This work is from our series of studies, including [34], where the buckling of composite cylindrical shells with clamped ends under hydrostatic pressure was investigated. In the present investigation, an analytical solution for the buckling of composite cylindrical shells under hydrostatic pressure with one fixed end and one cantilever-like end is proposed. The first mode shape of the transverse vibration of the clamped sliding beam function and its first derivation are chosen to approximate the axial displacement and circumferential displacement of the shell, respectively. The Galerkin method is used to solve the differential equations.
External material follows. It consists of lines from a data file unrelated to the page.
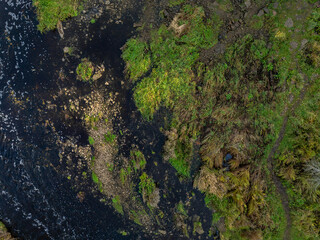 Top-down aerial photo of the Jagala River near Jägala Waterfall in Estonia. On the left the river flows with dark, almost black water speckled with white foam. On the right rugged green landscape.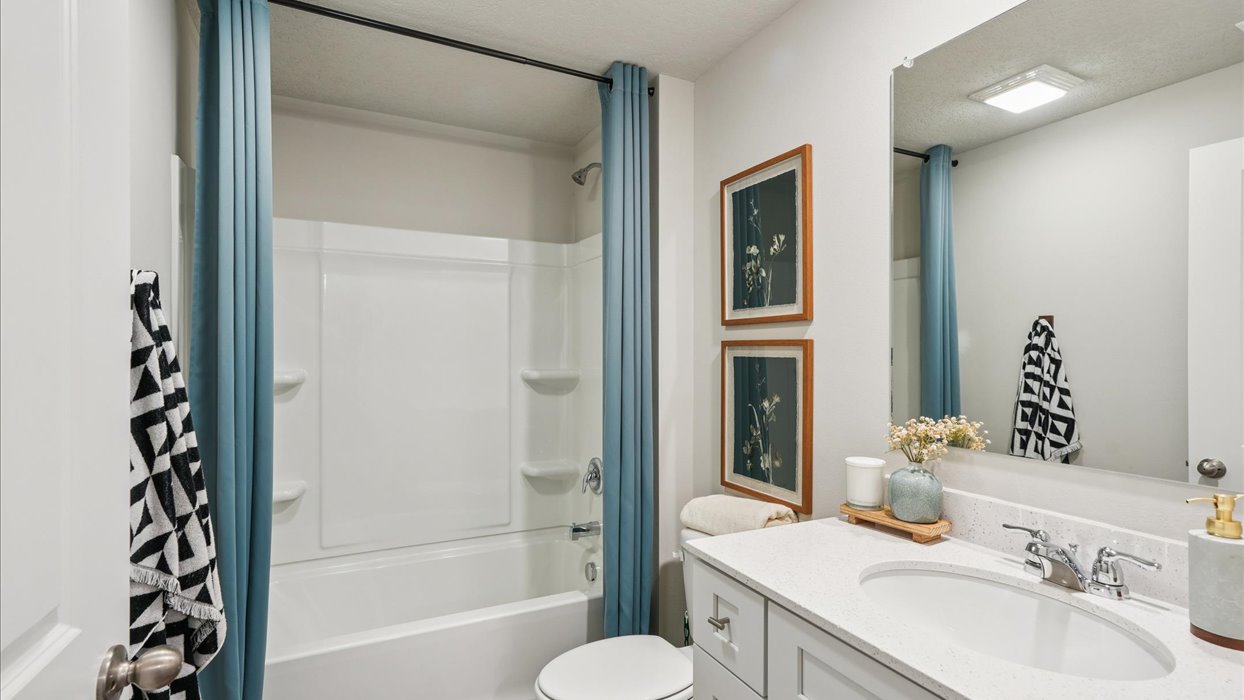 Stylish lower-level bathroom featuring contemporary fixtures and convenient access from the finished basement.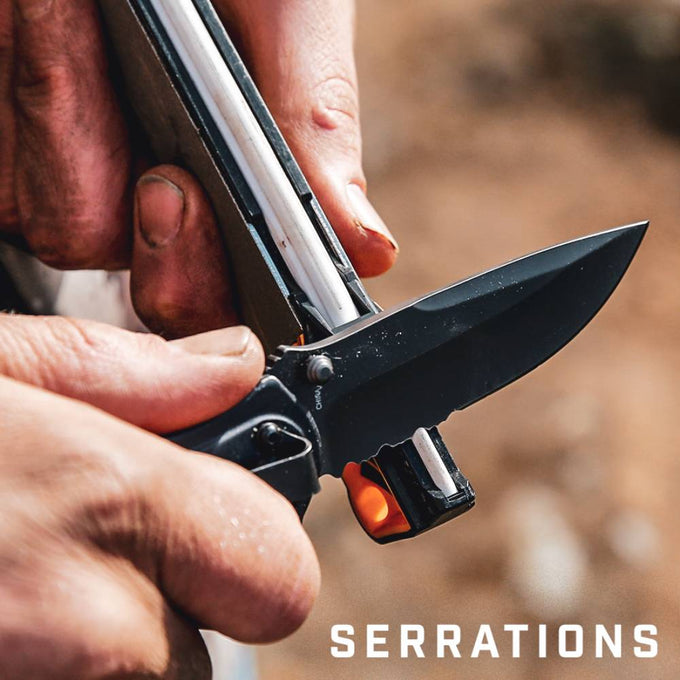 Close-up of a person using a compact guided sharpener with diamond and ceramic rods to hone the serrated edge of a black folding knife, perfect for Farm, Garden & Tool and Knives & Axes collections.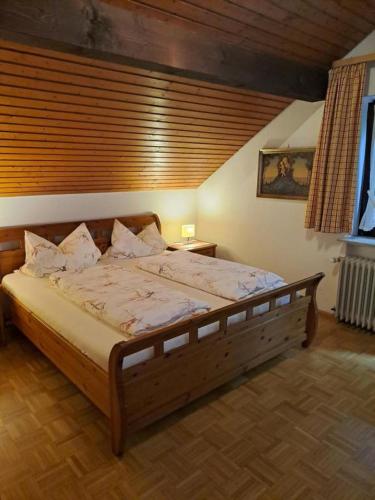 a bedroom with a large wooden bed in a room at Pension Schlossbergblick in Simonswald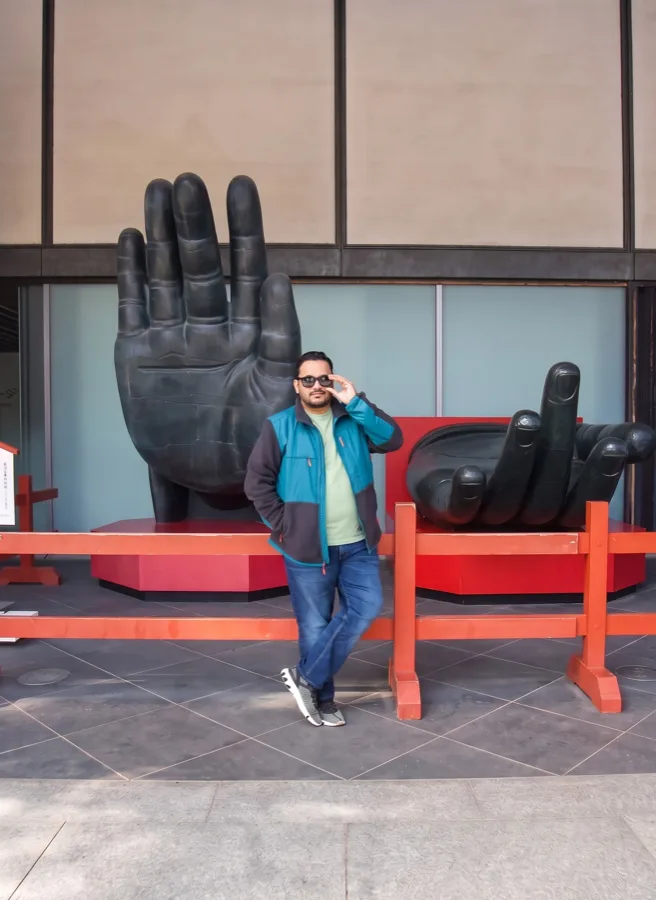 Lavi in sunglasses and a teal jacket stands between two giant black hand sculptures on a red platform.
Furthermore, analytical examples are conducted to predict the buckling pressure and buckling mode of the composite cylindrical shell. An external hydrostatic pressure test is carried out and the buckling deformation shape is observed. The deviations between the analytical and experimental results are discussed. Eventually, the efficiency and accuracy of the proposed approach are validated.

2. Linearized Buckling Analytical Solution

The geometry of the composite cylindrical shell with cantilever-like boundary conditions is shown in Figure 1. The length of the shell is L, including the left fixed boundary and the right rigid end disk. The radius of the middle surface is R. The composite cylindrical shell is subjected to uniform external hydrostatic pressure p, which can result in shell buckling.

Here, linearized buckling equations are used for the orthotropic cylindrical shell [35]:

$$\begin{array}{l}\frac{\partial N_x}{\partial x}+\frac{\partial N_{xy}}{\partial y}=0\\ \frac{\partial N_{xy}}{\partial x}+\frac{\partial N_y}{\partial y}+\frac{\partial M_{xy}}{R\partial x}+\frac{\partial M_y}{R\partial y}=0\\ \frac{{\partial }^2{M}_x}{\partial x^2}+2\frac{{\partial }^2{M}_{xy}}{\partial x\partial y}+\frac{{\partial }^2{M}_y}{\partial y^2}-\frac{N_y}{R}+N_x^0\frac{{\partial }^2\omega }{\partial x^2}+N_{xy}^0\left(2\frac{{\partial }^2\omega }{\partial x\partial y}-\frac{\partial \upsilon }{R\partial x}\right)+N_y^0\left(\frac{{\partial }^2\omega }{\partial y^2}-\frac{\partial \upsilon }{R\partial y}\right)=0\end{array}$$

(1)

in which N_x, N_y and N_xy are the longitudinal, circumferential and shear membrane force resultants, respectively; M_x, M_y and M_xy are bending and twisting moments, respectively. The constitutive equations are expressed as [36]:

$$N_x=A_{11}{\epsilon }_x^0+A_{12}{\epsilon }_y^0, N_y=A_{12}{\epsilon }_x^0+A_{22}{\epsilon }_y^0, N_{xy}=A_{66}{\epsilon }_{xy}^0$$

(2)

$$M_x=D_{11}{k}_x+D_{12}{k}_y, M_y=D_{12}{k}_x+D_{22}{k}_y, M_{xy}=D_{66}{k}_{xy}$$

(3)

in which A_ij and D_ij (i, j = 1, 2, 6) are the extensional and bending stiffness, respectively; ${\epsilon }_x^0$, ${\epsilon }_y^0$ and ${\epsilon }_{xy}^0$ are longitudinal, circumferential and in-plane shear strains, respectively; k_x, k_y and k_xy are bending and twisting deformation, respectively. According to thin shell theory [31], the geometric equations are:

$${\epsilon }_x^0=\frac{\partial u}{\partial x}, {\epsilon }_y^0=\frac{\partial \upsilon }{\partial y}+\frac{\omega }{R}, {\epsilon }_{xy}^0=\frac{\partial u}{\partial y}+\frac{\partial \upsilon }{\partial x}$$

(4)

$${\kappa }_x=-\frac{{\partial }^{2}u}{\partial x^2}, {\kappa }_y=\frac{\partial \upsilon }{R\partial y}-\frac{{\partial }^2\omega }{\partial y^2}, {\kappa }_{xy}=\frac{\partial \upsilon }{R\partial x}-2\frac{{\partial }^2\omega }{\partial x\partial y}$$

(5)

in which u and υ are the in-plane displacements along axial and circumferential directions, respectively; ω is the deflection of the middle surface.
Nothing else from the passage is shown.